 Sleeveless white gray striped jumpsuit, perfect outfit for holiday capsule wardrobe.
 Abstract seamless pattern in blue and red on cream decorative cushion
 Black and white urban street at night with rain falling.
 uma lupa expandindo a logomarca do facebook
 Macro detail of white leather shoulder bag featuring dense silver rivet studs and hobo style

—————

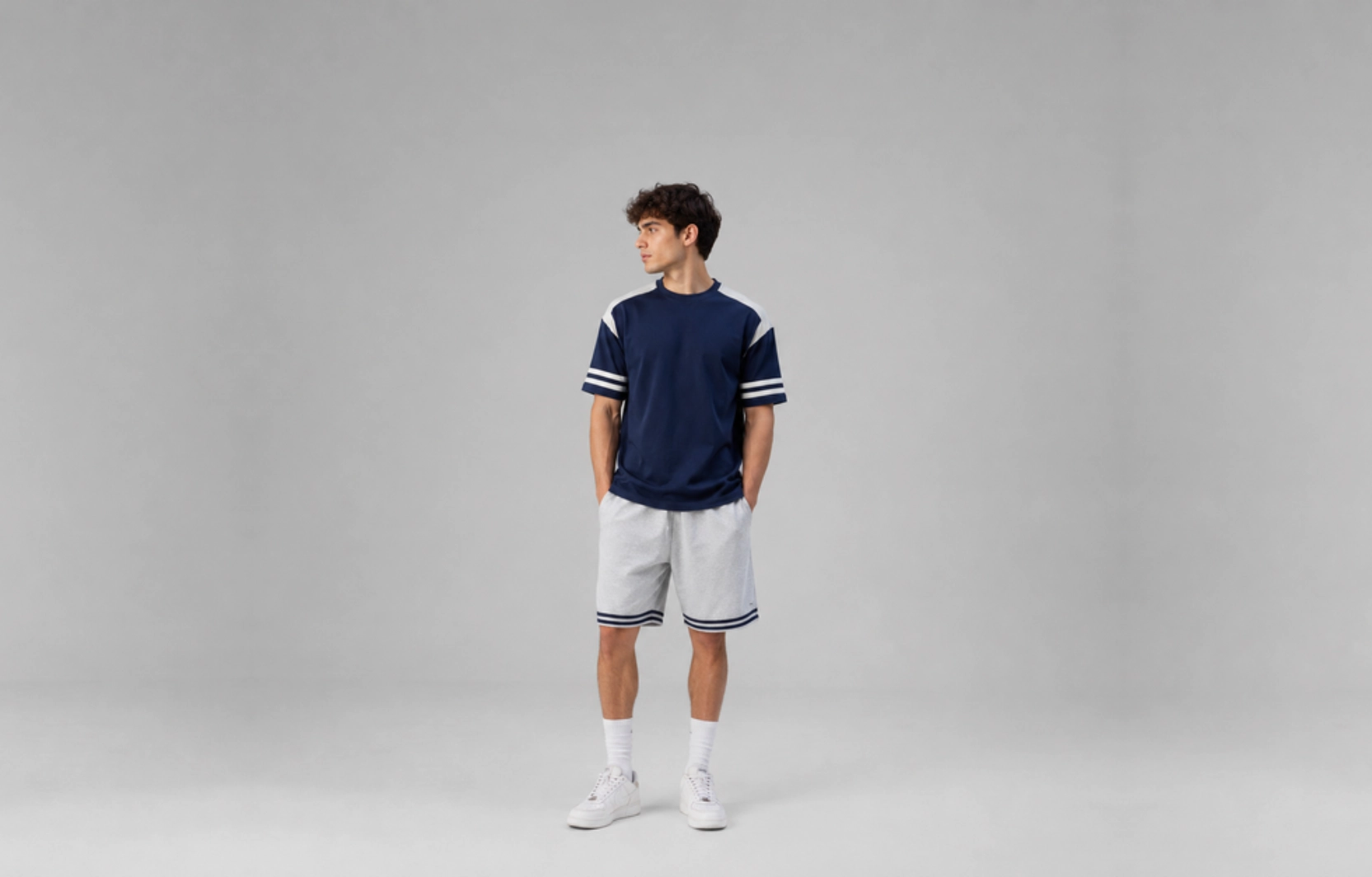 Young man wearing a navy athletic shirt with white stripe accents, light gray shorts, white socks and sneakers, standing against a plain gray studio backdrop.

—————

* **EXERCISE INSTRUCTIONS**
Using the records above, set down exactly the lines from the one with "Sleeveless white gray" through the one with "Macro detail of", inclusive, and nothing more.

* **TASK RESULT**
 Sleeveless white gray striped jumpsuit, perfect outfit for holiday capsule wardrobe.
 Abstract seamless pattern in blue and red on cream decorative cushion
 Black and white urban street at night with rain falling.
 uma lupa expandindo a logomarca do facebook
 Macro detail of white leather shoulder bag featuring dense silver rivet studs and hobo style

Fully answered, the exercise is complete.